Illicit Trade and Sovereign Credit Ratings
In light of the strong and widespread impacts of illicit trade on countries’ economic output and performance, a new report from the Transnational Alliance to Combat Illicit Trade (TRACIT) investigates whether a correlation can be established between individual countries’ creditworthiness and their vulnerability to illicit trade. The report compares the credit ratings attributed by S&P Global, Fitch Group and Moody's and the scores attributed by the Global Illicit Trade Environment Index, and finds that countries that are poorly equipped to tackle illicit trade also suffer from poor credit worthiness.
Illicit trade has a direct negative impact on the very economic, social, and institutional risk factors that credit rating agencies evaluate to determine countries’ ability to honor their debt.
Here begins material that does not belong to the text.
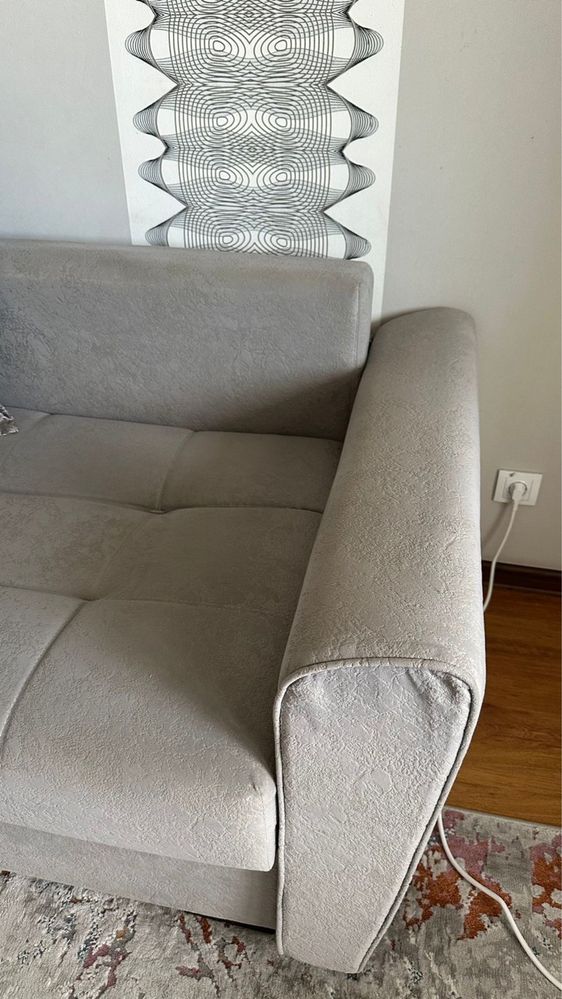 продам диван за 70 000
The corruption, crime, human trafficking, money laundering, and environmental degradation connected with illicit trade all combine to weaken a country’s economic, financial and institutional stability that underpin its credit ratings.
Correcting the regulatory environment and economic circumstances that enable illicit trade can improve the environment upon which a country’s credit ratings are based. Governments should prioritize and increase efforts to combat illicit trade, and the underlying conditions that facilitate it, because of the severe repercussions it has on society, the economy, and development, and because it is in their own financial interest to do so.
Launch event: Roundtable discussion on the link between illicit trade and sovereign credit ratings
The report "The Link Between Illicit Trade and Sovereign Credit Ratings" was launched at virtual panel discussion on 20 January 2021.
The webinar addressed the interrelationship between illicit trade, good governance, and the investment climate at a national level and explored solutions available to prioritize and intensify an anti-illicit trade agenda at the national level.